What to work on =>
Could you set down the listing below exactly and omit its images?

Dataset section =>
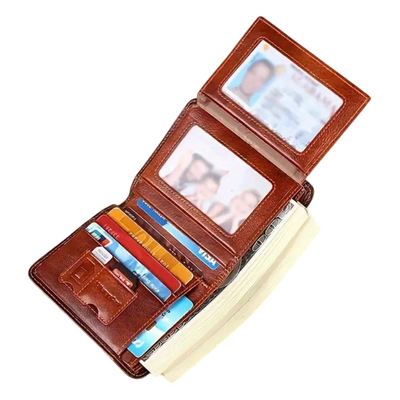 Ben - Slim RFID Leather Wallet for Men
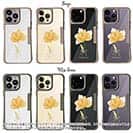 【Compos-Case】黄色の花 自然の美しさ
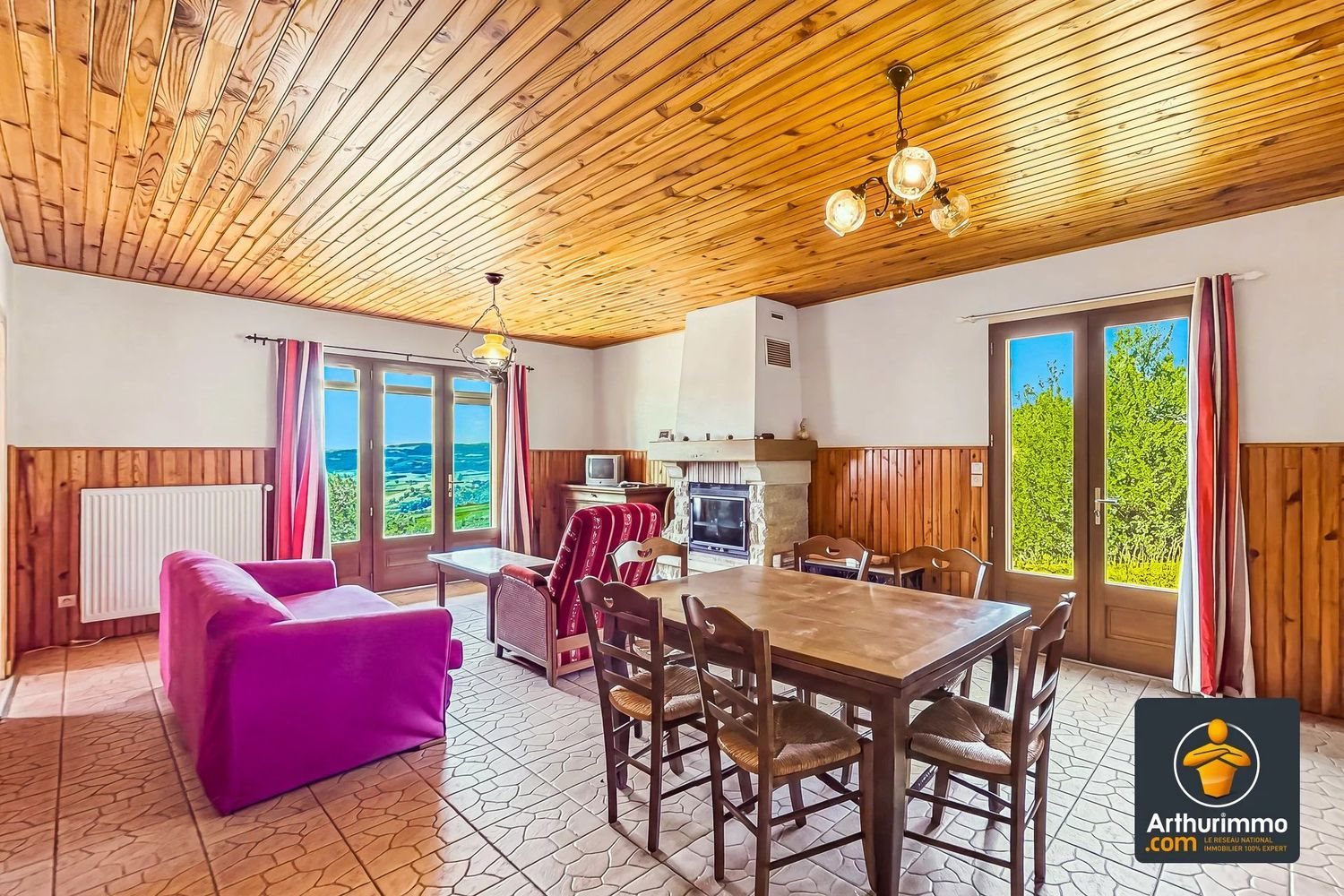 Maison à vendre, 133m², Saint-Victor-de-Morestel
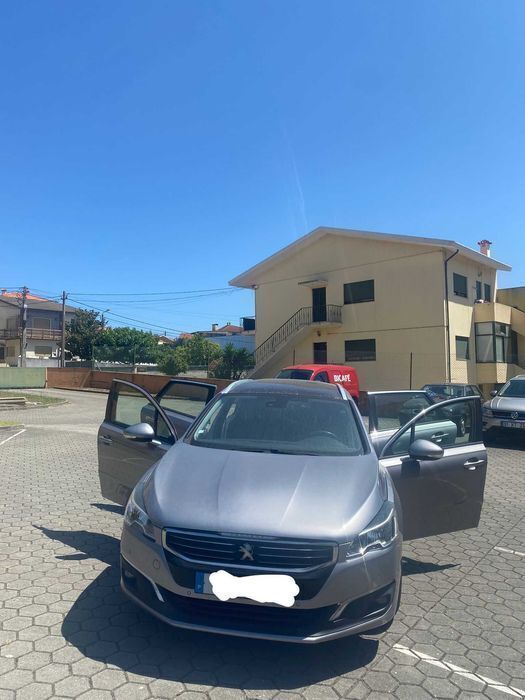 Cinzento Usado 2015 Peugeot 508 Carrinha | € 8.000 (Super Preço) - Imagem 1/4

Response to this task =>
 Ben - Slim RFID Leather Wallet for Men
 【Compos-Case】黄色の花 自然の美しさ
 Maison à vendre, 133m², Saint-Victor-de-Morestel
 Cinzento Usado 2015 Peugeot 508 Carrinha | € 8.000 (Super Preço) - Imagem 1/4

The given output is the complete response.